No. 4: Giving World Peace another chance — Metta World Peace‘s greatest NBA success came under Phil Jackson in Los Angeles. The New York Knicks already are on the hook to MWP for $250,000 this season, residue of his brief (29 games, one start) stint with them under coach Mike Woodson in 2013-14. So now that Jackson is running the basketball operation in New York and former Lakers guard Derek Fisher is the head coach, it doesn’t take a super-computer to calculate the likelihood of World Peace (who had asked for his release from the Knicks) being invited to training camp on a make-good deal. Marc Berman of the New York Post did some of his customary pot-stirring on the topic:
“[World Peace] has the utmost respect for Phil and Derek,’’ his agent, Marc Cornstein, told The Post. “There’s a history there. They know he’s out there.’’
The Knicks are trying to add another good-sized small forward to the roster. After Carmelo Anthony, only rookie Cleanthony Early is a true small forward. During summer league play, Early is trying to prove he is ready to be Anthony’s backup, but hasn’t shown he can create his own shot.

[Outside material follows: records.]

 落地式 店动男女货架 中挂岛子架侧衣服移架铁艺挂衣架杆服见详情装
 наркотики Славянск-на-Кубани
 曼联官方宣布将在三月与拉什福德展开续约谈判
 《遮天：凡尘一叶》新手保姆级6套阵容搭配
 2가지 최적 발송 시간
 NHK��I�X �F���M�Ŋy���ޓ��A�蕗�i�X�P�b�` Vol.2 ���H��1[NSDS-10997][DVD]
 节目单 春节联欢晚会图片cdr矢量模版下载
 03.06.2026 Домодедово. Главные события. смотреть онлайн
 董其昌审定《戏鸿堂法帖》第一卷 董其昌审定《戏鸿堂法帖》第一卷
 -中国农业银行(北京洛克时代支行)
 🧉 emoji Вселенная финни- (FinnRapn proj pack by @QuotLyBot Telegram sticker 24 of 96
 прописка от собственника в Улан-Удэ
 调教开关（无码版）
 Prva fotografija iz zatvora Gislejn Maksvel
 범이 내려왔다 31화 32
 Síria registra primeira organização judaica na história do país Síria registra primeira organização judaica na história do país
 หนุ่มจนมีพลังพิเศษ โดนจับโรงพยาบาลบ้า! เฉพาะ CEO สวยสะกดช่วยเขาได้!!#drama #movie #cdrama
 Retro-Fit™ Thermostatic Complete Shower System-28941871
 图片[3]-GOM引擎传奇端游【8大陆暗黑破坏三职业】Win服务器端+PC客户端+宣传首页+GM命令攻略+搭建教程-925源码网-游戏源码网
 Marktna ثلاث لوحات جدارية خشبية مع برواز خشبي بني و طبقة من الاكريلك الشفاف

The World Peace camp has expressed interest to the Knicks. Under the buyout, the Knicks already are paying World Peace $250,000 for next season. If World Peace were invited and made the team, he’d be eligible for the veteran’s minimum, $1.4 million.
The Queensbridge product was disillusioned with his ballyhooed return to New York, which ended with a buyout Feb. 22 after he was buried in Mike Woodson’s doghouse and needed his left knee drained five times. Woodson didn’t like his offbeat act after signing him last July.
If he doesn’t an invite to the Knicks’ training camp, he may become the assistant coach for the Palisades High girls basketball team in Los Angeles.
SOME RANDOM HEADLINES: The Lakers had hoped to bring back Kendall Marshall but Milwaukee stymied that plan. … Cavaliers guard Kyrie Irving is like a lot of other Clevelanders: Excited about this LeBron guy. … Coach Doc Rivers showed his loyalty by bringing Delonte West to summer league, but the Clippers have “1,000 guards,” so West’s NBA comeback might have to happen elsewhere. … Former Wizards’ big Jan Vesely is headed back to Europe, and no one in the NBA is stopping him. … Don’t expect to see Kosta Koufos on the Greek national team. … It’s not quite of Kevin Love-Klay Thompson proportions but Golden State faces a decision on Nemanja Nedovic.